- [Task to complete] From the records below, please print only the lines from the one containing "Vista 7 de TBUIALL" through the one containing "Clear Food Storage", both included. Skip the pictures.

Top of Given data

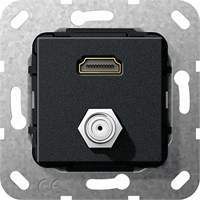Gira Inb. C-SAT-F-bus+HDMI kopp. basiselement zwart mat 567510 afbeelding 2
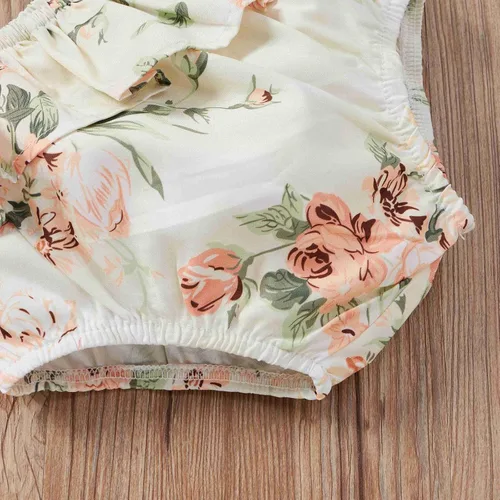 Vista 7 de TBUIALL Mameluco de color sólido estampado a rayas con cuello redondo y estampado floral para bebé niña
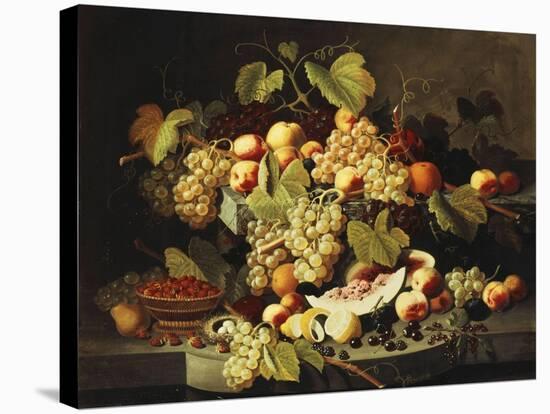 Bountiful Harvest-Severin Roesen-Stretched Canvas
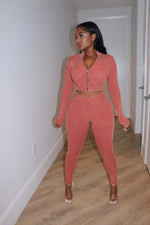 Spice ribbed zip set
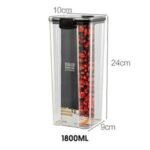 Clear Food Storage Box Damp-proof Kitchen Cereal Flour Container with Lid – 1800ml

Bottom of Given data
Top of Given data

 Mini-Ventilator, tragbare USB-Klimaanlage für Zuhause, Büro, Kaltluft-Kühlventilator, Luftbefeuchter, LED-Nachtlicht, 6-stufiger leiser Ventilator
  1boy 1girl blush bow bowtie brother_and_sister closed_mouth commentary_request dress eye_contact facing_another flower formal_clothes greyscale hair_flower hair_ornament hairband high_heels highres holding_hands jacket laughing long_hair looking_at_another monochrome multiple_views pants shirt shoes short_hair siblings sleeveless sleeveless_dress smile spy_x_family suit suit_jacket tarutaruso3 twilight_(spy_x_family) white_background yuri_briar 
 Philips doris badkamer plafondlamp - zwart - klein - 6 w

Bottom of Given data

- [Reply to the exercise]
 Vista 7 de TBUIALL Mameluco de color sólido estampado a rayas con cuello redondo y estampado floral para bebé niña
 Bountiful Harvest-Severin Roesen-Stretched Canvas
 Spice ribbed zip set
 Clear Food Storage Box Damp-proof Kitchen Cereal Flour Container with Lid – 1800ml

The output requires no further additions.